◆ **Problem requirements**: What you return must be every line below that includes the word "white".

◆ **Records for the exercise**:
################

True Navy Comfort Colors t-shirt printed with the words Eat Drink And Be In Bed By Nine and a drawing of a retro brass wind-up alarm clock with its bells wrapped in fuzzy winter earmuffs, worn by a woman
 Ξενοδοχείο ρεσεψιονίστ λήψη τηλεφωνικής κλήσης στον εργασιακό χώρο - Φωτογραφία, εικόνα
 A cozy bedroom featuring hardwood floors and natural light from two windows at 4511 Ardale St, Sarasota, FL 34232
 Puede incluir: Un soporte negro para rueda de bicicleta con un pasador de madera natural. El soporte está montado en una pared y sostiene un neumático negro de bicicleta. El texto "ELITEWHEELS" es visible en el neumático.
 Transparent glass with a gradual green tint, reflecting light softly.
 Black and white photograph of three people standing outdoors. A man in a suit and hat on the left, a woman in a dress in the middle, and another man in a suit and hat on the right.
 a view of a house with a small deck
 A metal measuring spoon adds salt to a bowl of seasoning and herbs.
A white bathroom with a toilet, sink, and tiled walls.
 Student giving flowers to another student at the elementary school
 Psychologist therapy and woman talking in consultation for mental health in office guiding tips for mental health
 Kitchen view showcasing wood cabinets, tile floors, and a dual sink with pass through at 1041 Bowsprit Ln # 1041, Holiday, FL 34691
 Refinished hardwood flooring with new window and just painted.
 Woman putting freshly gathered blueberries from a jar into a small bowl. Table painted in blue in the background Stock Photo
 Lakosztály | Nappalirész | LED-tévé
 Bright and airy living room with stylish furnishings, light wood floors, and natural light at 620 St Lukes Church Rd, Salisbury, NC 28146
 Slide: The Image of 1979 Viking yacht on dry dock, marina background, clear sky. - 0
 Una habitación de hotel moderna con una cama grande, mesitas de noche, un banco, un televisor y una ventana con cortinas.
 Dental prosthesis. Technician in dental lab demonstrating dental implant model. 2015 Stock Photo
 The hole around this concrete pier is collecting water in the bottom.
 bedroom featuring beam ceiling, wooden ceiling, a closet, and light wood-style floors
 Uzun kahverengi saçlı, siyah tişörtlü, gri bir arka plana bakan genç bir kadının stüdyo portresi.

################

◆ **Reply**:
 Black and white photograph of three people standing outdoors. A man in a suit and hat on the left, a woman in a dress in the middle, and another man in a suit and hat on the right.
A white bathroom with a toilet, sink, and tiled walls.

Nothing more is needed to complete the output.